Sablin proved predictably out of sorts, describing the atmosphere at dinner as: ‘characterised by stiffness and tension’. There was no mention here of the King’s subtle humour or charming sweetness. Was the loyal Sablin oversensitive to the pressures on the imperial couple? The Tsar would have had mixed feelings about all the social challenges, while the Tsarina was, once again, unwell. This time, it was not her legs letting her down, but her head. She was suffering, as her husband had, from neuralgia. Donald M. Wallace recalled being told by one of her ladies-in-waiting that the Tsarina had been afflicted with: ‘facial neuralgia which prevented her from sleeping well at night’. Wallace shared Sablin’s view of the atmosphere, registering the unease of his neighbour, Benckendorff: ‘He always sat silent, glancing up and down the table, as if looking for somebody he could not find.’
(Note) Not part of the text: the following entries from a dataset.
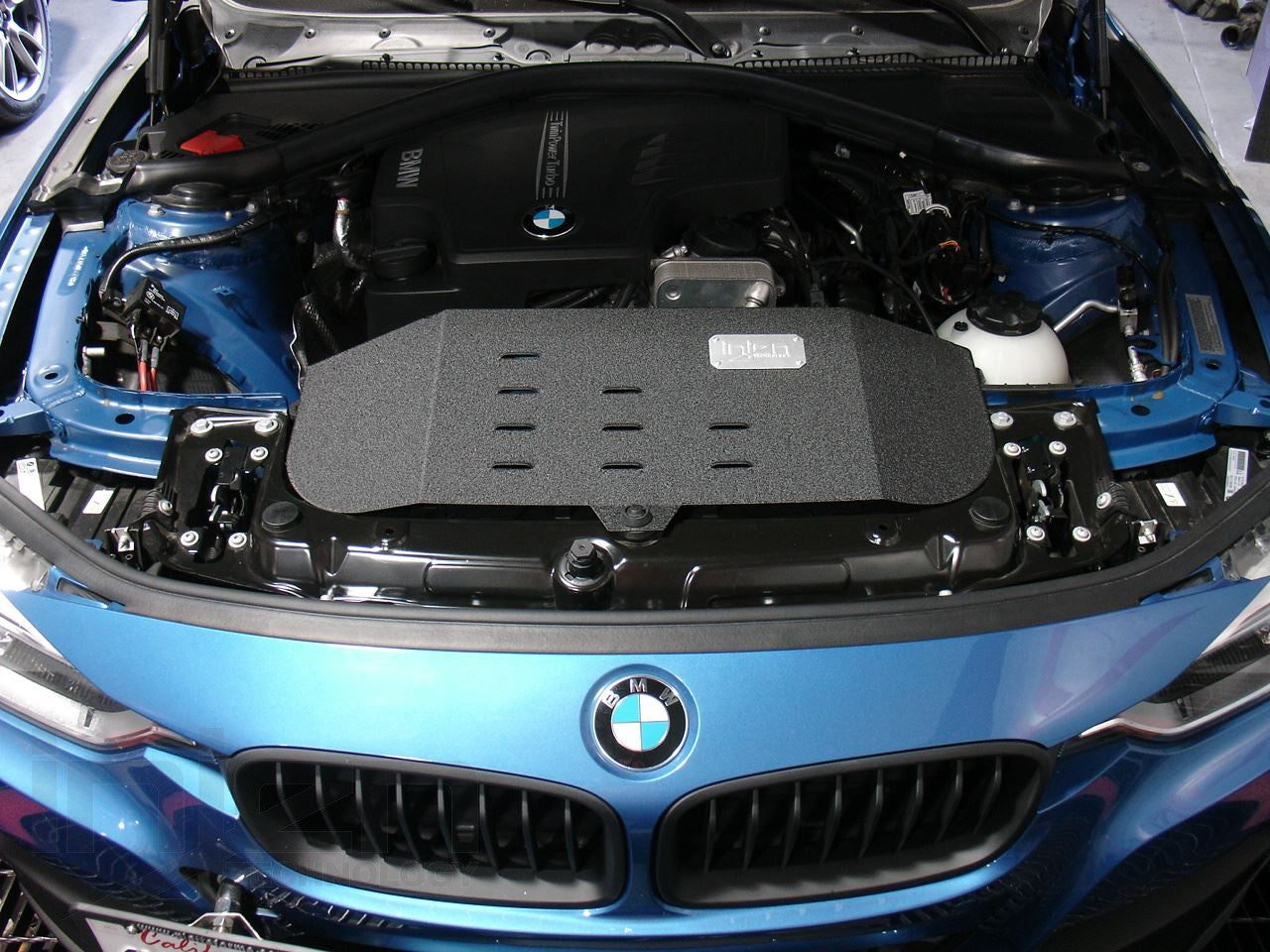 BMW-3-F30-328i-12+-2.0L-Turbo-Air-Intake-System-P-[INJEN]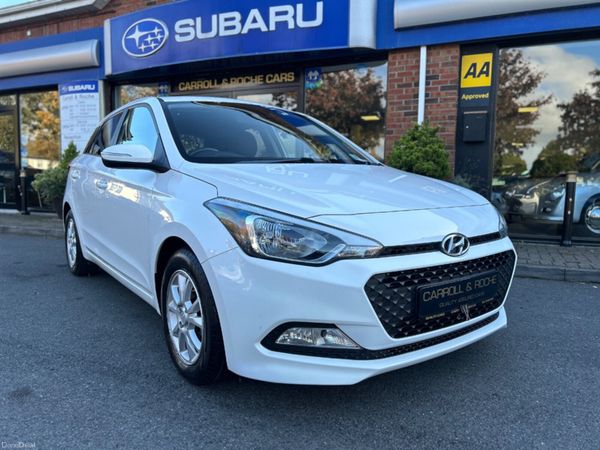 Hyundai i20 Hatchback, Petrol, 2018, White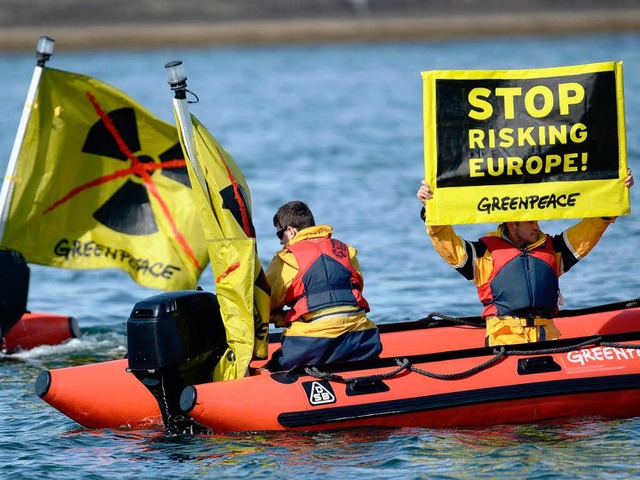 Atomkraftgegner vor dem Kraftwerk in F...n kam es auch in Colmar zu Protesten.   | Foto: dpa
Thankfully, Sablin rallied sufficiently to appreciate the food, or, as he put it, ‘the remarkable sophistication and refinement of the cuisine’. The exotic menu included: ‘Cailles Froides à la Muscovite’, ‘Timbales de Poires à la Siberienne’ and ‘Glace à la Czarine’. The musical entertainment featured a band from Portsmouth playing a piece from Tchaikovsky’s Eugene Onegin, a xylophone solo called ‘Le Jo
ngleur’ and Squire’s ‘The Merry Nigger’.
The King’s speech was, once again, off the cuff: ‘I am proud to welcome you both to British waters… Your Majesty, as well as my dear niece, are no strangers to England, especially to the Isle of Wight and I trust your memory will carry you back to years ago, when the hospitality of my beloved mother was extended to you both… I trust that Your Majesty will never look upon these ships as symbols of war, but, on the contrary, as a protection to our coasts and commerce and, above all for upholding the interests of peace.’
The Tsar’s more elaborate speech was, needless to say, carefully prepared: ‘I take great pleasure in expressing my heartiest thanks for the kind words with which Your Majesty has been pleased to welcome the Empress and myself in British water. The magnificent review which I witnessed today bears full testimony to England’s greatness…. Fifteen years have passed since last I came to Cowes. I shall ever bear in mind the happy days spent with your beloved and venerated mother, Queen Victoria, and the affection she bestowed upon me, as upon the Empress, her granddaughter.’
Georgie wrote agreeably in his diary: ‘Papa proposed Nicky’s health which he answered. Very nice speeches.’ Earl Spencer was equally impressed by the King: ‘Excellent speech. Rather moved….’, but dismissive of the Tsar: ‘The Emperor read his reply.’